Although pictures appear in the entries below, leave them out and print exactly the lines from the first line through the line containing "Contemplating Maternity in".

[Captioned web images]
*****

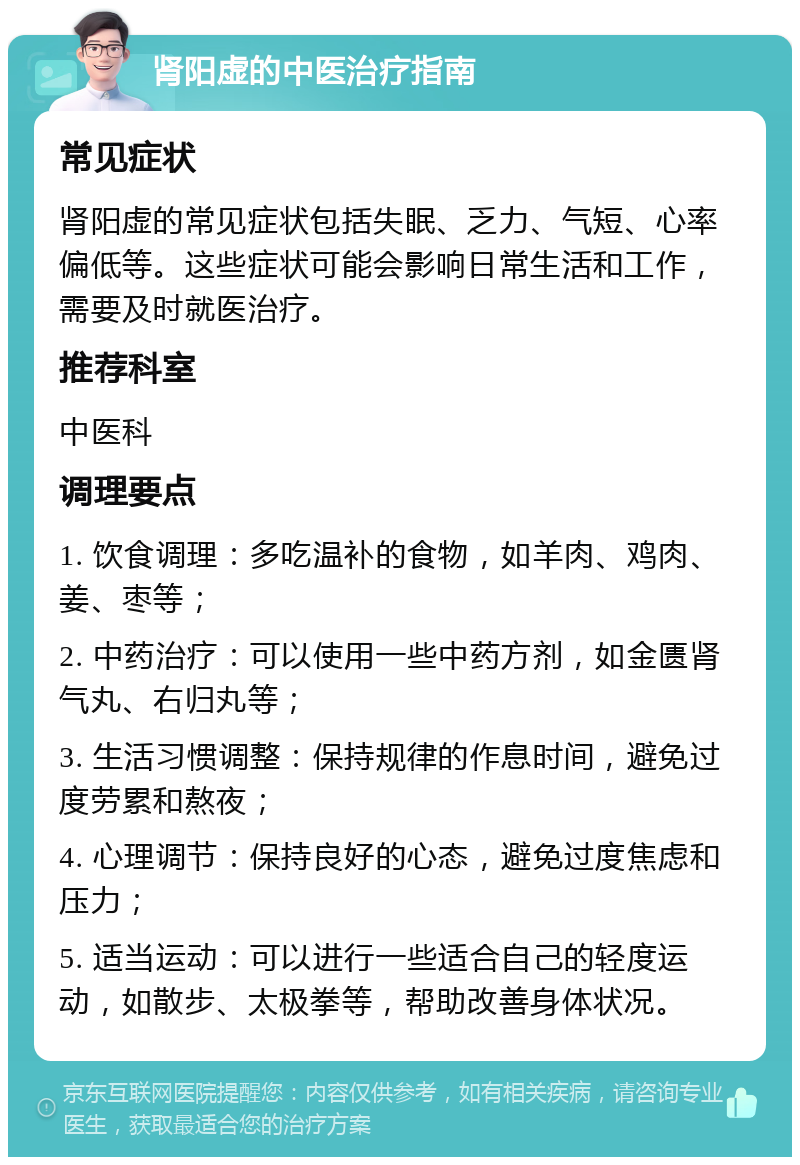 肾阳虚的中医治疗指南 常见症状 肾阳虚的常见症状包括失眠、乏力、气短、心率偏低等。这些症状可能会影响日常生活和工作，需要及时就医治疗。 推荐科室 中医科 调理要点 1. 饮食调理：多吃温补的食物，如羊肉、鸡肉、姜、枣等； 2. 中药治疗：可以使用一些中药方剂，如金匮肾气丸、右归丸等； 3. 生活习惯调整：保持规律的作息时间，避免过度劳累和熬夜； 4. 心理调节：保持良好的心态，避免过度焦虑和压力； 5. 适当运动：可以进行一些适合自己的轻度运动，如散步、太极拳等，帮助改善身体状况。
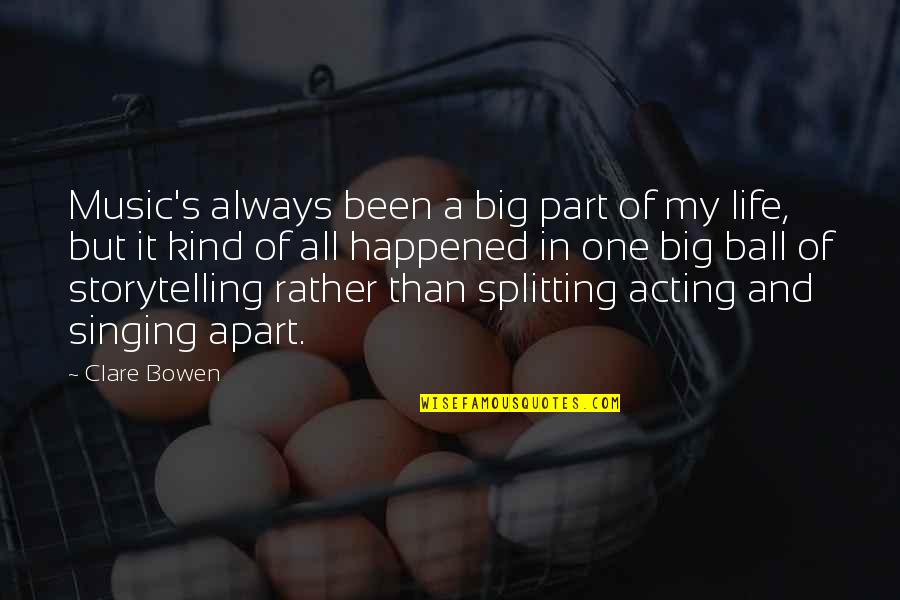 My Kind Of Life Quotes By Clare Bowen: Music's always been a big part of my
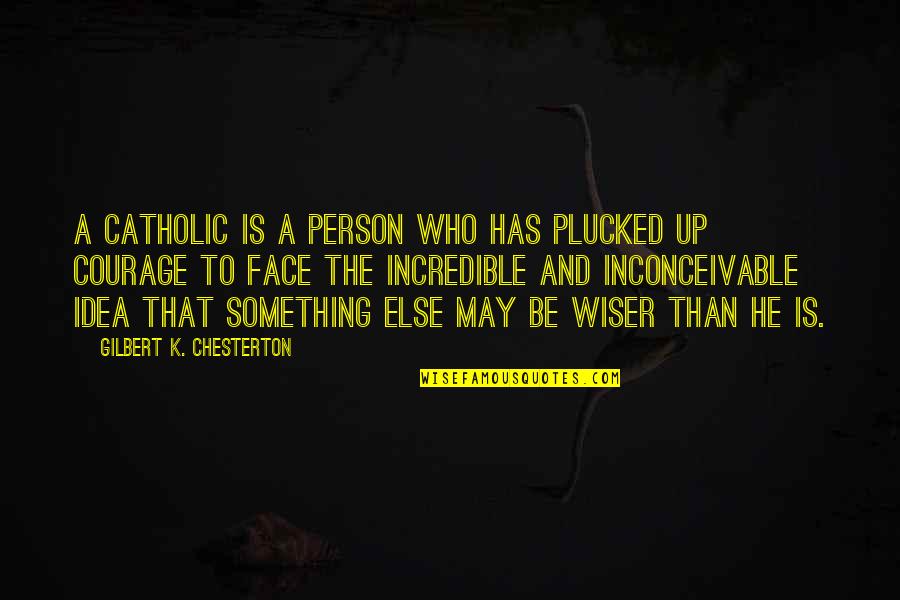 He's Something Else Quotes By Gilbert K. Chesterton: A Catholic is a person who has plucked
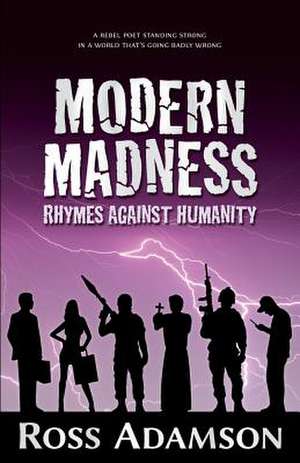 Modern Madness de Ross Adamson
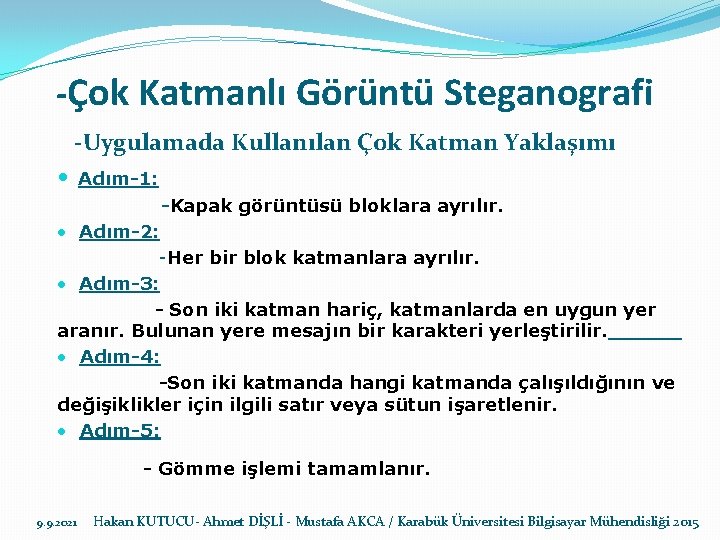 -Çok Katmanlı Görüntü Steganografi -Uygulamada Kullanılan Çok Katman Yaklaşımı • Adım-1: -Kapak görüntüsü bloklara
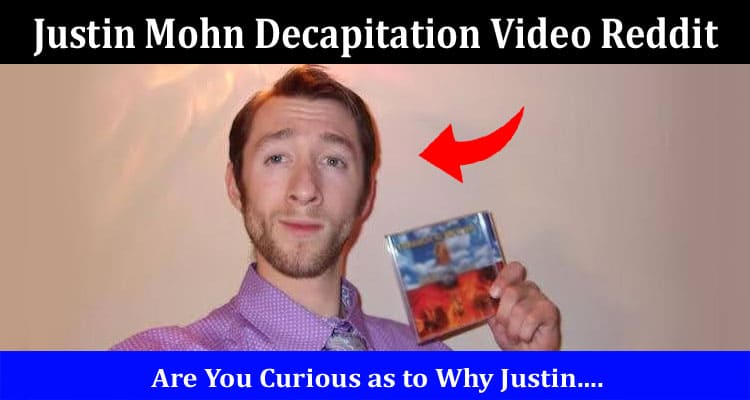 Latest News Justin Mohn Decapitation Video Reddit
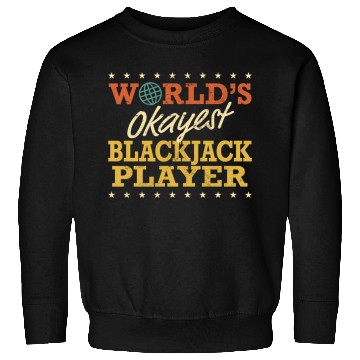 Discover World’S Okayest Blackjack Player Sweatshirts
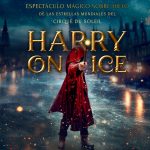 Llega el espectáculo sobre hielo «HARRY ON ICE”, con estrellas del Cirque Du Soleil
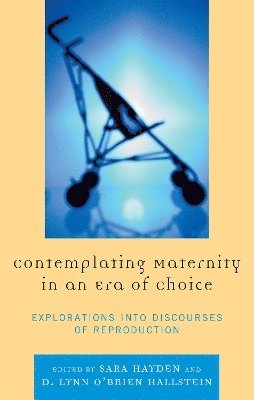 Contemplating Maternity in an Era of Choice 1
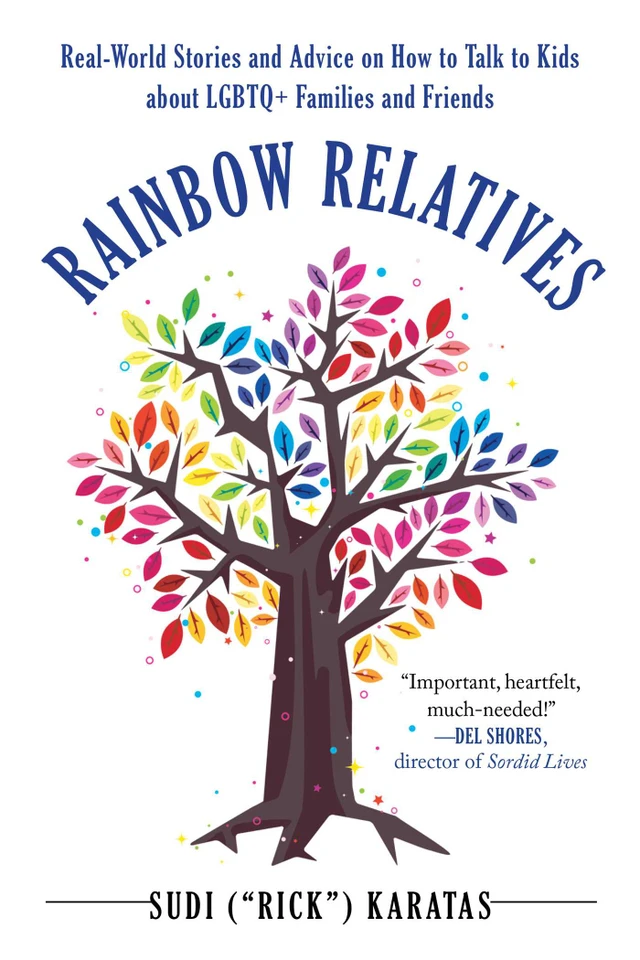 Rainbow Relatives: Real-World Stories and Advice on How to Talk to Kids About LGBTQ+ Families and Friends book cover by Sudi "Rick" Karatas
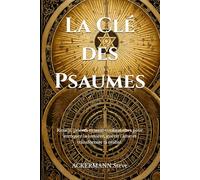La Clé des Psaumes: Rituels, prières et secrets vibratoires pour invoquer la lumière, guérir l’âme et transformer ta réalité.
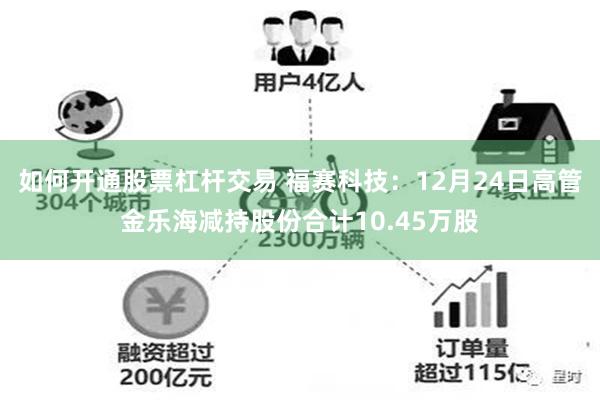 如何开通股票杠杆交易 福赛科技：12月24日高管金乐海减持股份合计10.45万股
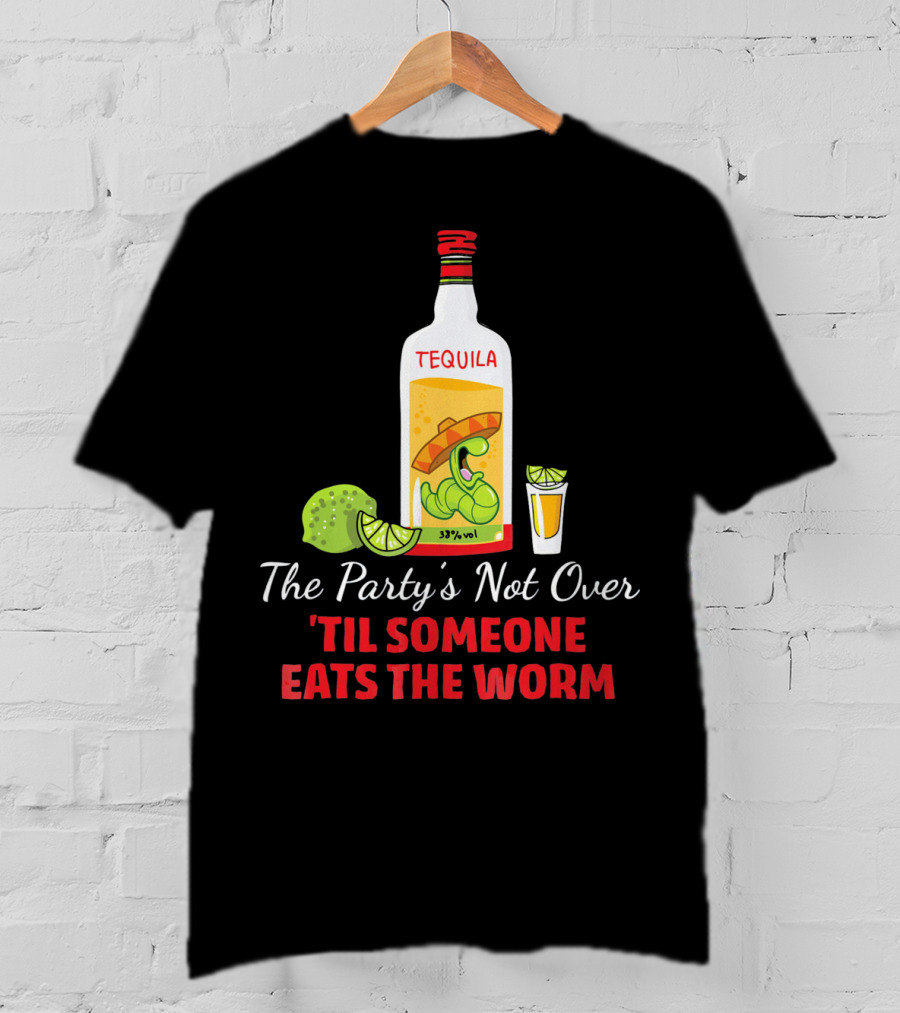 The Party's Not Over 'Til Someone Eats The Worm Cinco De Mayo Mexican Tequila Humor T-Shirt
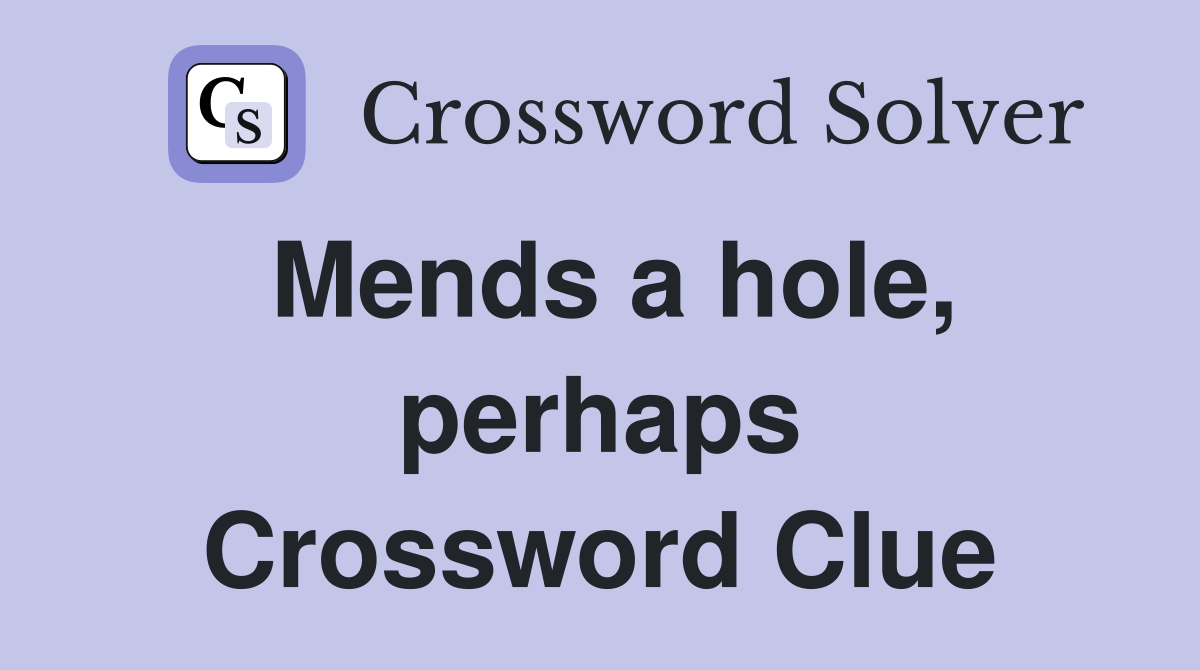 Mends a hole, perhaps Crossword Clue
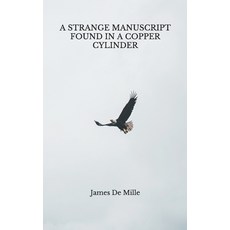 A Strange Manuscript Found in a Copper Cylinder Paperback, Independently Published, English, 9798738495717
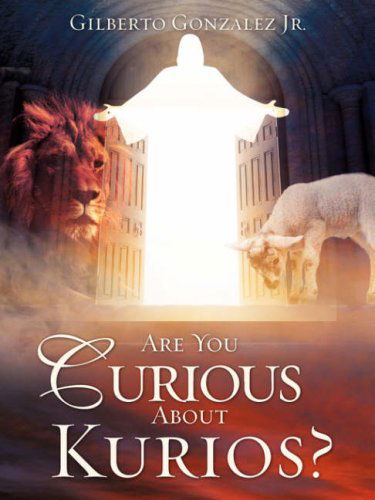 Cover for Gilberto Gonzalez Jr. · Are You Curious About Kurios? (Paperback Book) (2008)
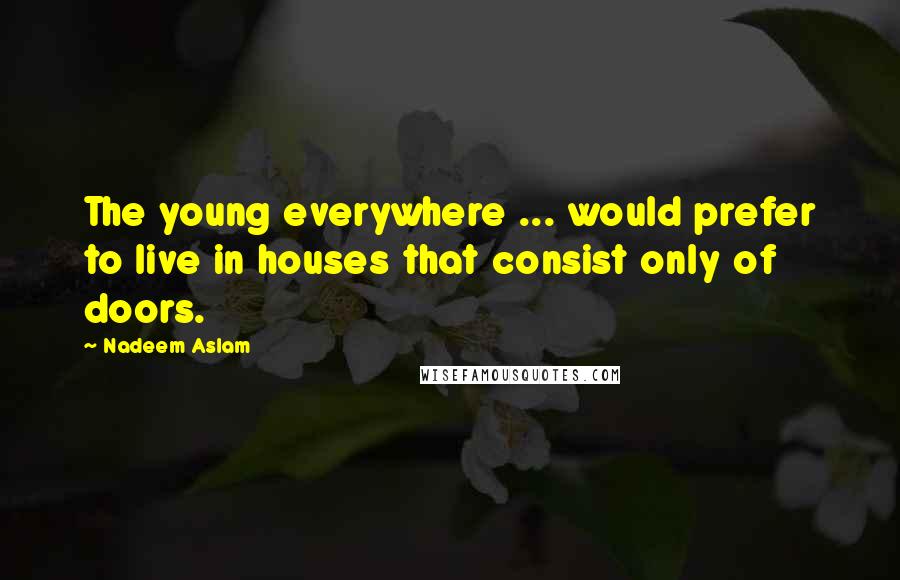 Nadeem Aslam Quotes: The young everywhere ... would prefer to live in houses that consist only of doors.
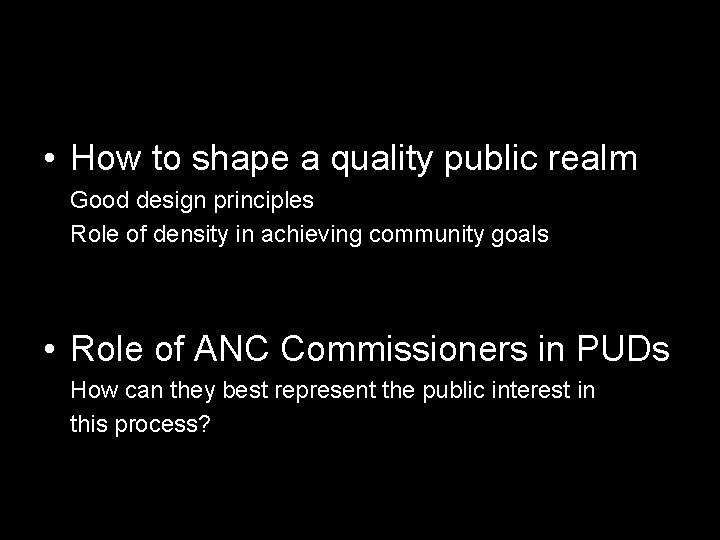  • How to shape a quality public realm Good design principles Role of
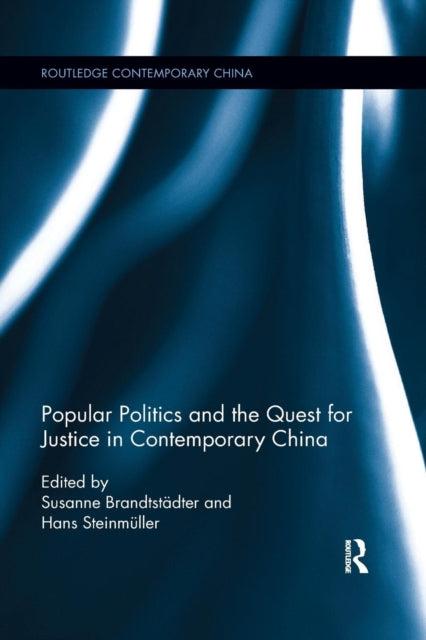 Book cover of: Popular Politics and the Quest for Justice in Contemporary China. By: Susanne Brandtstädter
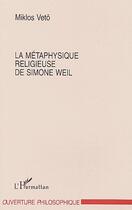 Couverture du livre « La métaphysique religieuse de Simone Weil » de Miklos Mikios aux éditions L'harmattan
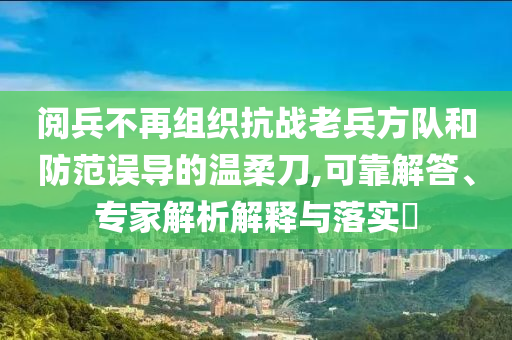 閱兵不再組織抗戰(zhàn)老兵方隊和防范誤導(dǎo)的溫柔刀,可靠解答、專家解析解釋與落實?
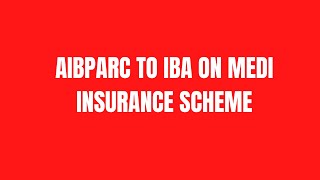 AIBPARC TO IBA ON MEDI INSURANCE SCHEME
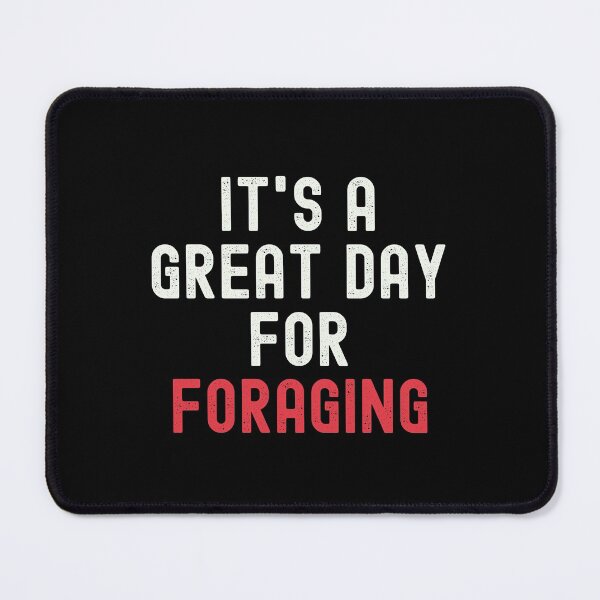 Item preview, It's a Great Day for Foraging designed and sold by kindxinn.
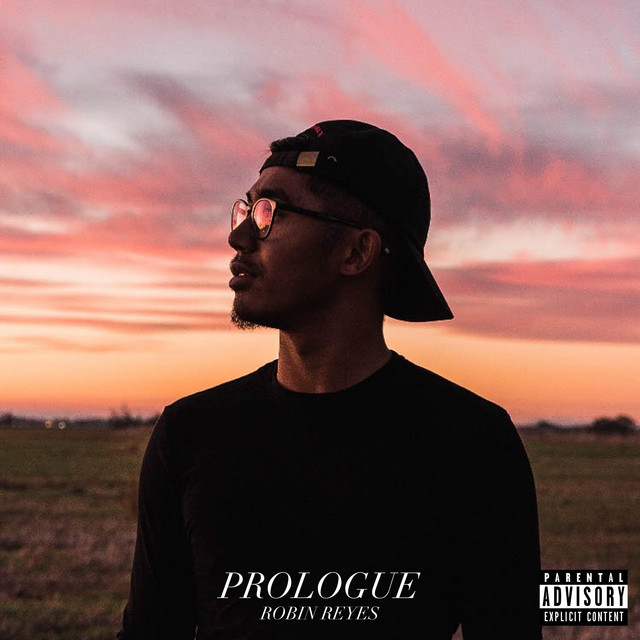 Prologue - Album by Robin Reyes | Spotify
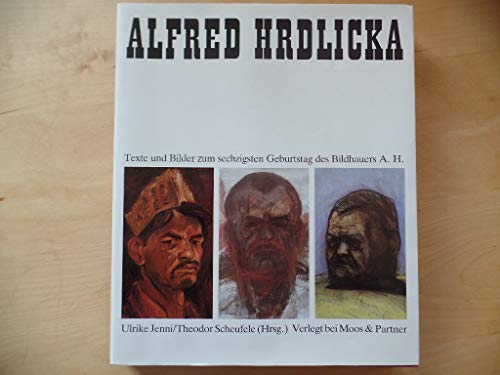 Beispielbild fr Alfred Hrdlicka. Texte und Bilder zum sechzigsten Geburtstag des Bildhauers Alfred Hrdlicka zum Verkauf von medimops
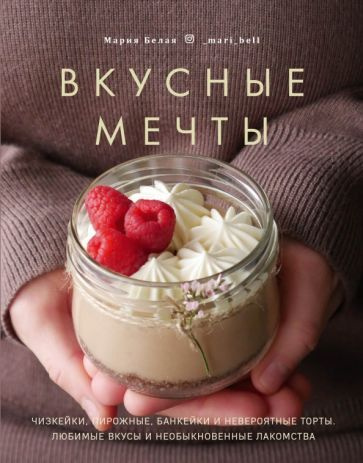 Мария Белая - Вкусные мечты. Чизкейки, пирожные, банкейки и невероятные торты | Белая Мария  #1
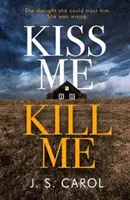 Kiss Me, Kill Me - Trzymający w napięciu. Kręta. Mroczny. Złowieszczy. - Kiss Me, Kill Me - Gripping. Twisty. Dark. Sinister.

*****

Response to the task
 肾阳虚的中医治疗指南 常见症状 肾阳虚的常见症状包括失眠、乏力、气短、心率偏低等。这些症状可能会影响日常生活和工作，需要及时就医治疗。 推荐科室 中医科 调理要点 1. 饮食调理：多吃温补的食物，如羊肉、鸡肉、姜、枣等； 2. 中药治疗：可以使用一些中药方剂，如金匮肾气丸、右归丸等； 3. 生活习惯调整：保持规律的作息时间，避免过度劳累和熬夜； 4. 心理调节：保持良好的心态，避免过度焦虑和压力； 5. 适当运动：可以进行一些适合自己的轻度运动，如散步、太极拳等，帮助改善身体状况。
 My Kind Of Life Quotes By Clare Bowen: Music's always been a big part of my
 He's Something Else Quotes By Gilbert K. Chesterton: A Catholic is a person who has plucked
 Modern Madness de Ross Adamson
 -Çok Katmanlı Görüntü Steganografi -Uygulamada Kullanılan Çok Katman Yaklaşımı • Adım-1: -Kapak görüntüsü bloklara
 Latest News Justin Mohn Decapitation Video Reddit
 Discover World’S Okayest Blackjack Player Sweatshirts
 Llega el espectáculo sobre hielo «HARRY ON ICE”, con estrellas del Cirque Du Soleil
 Contemplating Maternity in an Era of Choice 1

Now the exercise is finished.